* [TO DO] Look in the material below for the line with "conference in 2019." and the line with "used 2021 Honda", then set down exactly those two lines and all lines between, nothing more.

______

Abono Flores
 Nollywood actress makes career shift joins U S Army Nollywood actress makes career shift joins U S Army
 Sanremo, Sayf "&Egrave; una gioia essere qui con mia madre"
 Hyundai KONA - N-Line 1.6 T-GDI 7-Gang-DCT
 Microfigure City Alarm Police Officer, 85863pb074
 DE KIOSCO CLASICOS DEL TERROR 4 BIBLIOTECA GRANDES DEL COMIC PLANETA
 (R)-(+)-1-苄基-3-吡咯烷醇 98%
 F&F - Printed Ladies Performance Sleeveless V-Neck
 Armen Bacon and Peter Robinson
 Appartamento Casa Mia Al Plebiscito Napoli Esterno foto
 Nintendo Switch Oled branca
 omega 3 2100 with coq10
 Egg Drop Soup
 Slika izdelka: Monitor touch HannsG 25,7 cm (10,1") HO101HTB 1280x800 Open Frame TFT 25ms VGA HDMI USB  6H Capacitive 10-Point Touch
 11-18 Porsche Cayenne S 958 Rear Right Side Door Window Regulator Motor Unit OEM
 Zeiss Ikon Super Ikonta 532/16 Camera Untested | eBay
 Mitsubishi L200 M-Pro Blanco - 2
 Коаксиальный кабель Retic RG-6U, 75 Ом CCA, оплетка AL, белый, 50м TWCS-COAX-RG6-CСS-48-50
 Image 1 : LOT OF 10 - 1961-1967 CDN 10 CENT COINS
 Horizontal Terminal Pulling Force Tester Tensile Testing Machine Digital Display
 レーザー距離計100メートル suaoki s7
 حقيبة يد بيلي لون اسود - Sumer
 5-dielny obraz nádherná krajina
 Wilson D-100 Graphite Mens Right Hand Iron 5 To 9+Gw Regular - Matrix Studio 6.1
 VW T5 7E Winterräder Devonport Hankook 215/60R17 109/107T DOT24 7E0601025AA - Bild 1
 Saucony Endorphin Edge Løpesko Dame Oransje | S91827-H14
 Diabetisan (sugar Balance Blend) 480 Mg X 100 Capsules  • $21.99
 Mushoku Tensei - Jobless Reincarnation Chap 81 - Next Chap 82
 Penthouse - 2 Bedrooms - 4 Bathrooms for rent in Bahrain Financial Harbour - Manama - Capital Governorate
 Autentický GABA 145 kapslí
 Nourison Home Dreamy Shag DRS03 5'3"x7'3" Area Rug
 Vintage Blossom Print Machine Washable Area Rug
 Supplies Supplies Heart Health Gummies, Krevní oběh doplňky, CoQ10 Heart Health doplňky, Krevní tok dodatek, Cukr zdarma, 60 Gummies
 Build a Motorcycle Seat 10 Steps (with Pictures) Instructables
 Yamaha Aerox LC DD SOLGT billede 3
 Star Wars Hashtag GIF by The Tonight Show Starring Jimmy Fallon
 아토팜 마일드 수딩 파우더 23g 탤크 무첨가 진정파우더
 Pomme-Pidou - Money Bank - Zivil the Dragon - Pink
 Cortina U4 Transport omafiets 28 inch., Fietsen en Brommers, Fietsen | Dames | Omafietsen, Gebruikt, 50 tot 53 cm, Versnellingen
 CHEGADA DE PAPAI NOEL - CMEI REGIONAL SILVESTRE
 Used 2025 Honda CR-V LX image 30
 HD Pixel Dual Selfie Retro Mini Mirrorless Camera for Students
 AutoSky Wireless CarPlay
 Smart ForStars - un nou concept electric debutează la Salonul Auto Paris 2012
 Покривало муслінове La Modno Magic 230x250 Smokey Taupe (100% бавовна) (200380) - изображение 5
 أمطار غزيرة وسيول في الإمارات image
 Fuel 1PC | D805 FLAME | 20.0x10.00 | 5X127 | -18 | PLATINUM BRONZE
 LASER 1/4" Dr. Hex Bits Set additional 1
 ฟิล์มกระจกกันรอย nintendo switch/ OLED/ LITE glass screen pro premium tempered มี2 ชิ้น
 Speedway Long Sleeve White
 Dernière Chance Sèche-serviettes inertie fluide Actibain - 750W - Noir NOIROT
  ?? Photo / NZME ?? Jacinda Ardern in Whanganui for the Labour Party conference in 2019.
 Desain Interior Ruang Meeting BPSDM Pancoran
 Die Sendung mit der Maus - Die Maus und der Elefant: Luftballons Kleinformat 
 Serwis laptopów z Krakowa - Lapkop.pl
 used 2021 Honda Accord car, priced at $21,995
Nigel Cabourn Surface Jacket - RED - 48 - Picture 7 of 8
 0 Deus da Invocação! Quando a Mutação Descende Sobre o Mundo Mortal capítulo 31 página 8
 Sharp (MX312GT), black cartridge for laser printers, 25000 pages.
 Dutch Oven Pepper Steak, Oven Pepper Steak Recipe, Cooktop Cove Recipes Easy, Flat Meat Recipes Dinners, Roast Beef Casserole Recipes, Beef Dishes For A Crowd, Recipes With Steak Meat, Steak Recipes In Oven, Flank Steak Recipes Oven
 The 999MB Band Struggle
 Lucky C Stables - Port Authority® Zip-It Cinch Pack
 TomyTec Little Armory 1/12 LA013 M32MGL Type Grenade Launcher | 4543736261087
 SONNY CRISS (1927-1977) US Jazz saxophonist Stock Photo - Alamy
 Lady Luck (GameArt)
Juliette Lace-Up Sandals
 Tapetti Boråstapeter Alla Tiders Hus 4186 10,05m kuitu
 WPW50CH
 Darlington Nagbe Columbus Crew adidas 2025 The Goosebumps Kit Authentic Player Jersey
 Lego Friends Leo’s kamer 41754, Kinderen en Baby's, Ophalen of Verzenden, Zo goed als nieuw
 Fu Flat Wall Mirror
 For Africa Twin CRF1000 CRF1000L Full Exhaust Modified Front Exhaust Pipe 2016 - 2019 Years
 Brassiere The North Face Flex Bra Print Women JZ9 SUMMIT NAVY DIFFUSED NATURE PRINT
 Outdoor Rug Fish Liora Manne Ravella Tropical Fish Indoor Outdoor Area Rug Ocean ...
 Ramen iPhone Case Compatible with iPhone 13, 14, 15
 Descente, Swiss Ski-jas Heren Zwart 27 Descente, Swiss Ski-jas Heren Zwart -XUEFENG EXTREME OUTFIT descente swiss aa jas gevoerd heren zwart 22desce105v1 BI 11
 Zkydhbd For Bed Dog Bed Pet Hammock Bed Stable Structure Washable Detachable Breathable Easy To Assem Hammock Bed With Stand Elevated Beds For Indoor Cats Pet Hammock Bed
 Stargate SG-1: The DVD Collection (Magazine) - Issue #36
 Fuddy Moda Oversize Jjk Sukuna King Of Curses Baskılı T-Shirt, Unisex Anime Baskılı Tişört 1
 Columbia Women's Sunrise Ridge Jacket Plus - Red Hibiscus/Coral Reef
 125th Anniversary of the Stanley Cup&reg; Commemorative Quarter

______

* [FINISHED EXERCISE]
  ?? Photo / NZME ?? Jacinda Ardern in Whanganui for the Labour Party conference in 2019.
 Desain Interior Ruang Meeting BPSDM Pancoran
 Die Sendung mit der Maus - Die Maus und der Elefant: Luftballons Kleinformat 
 Serwis laptopów z Krakowa - Lapkop.pl
 used 2021 Honda Accord car, priced at $21,995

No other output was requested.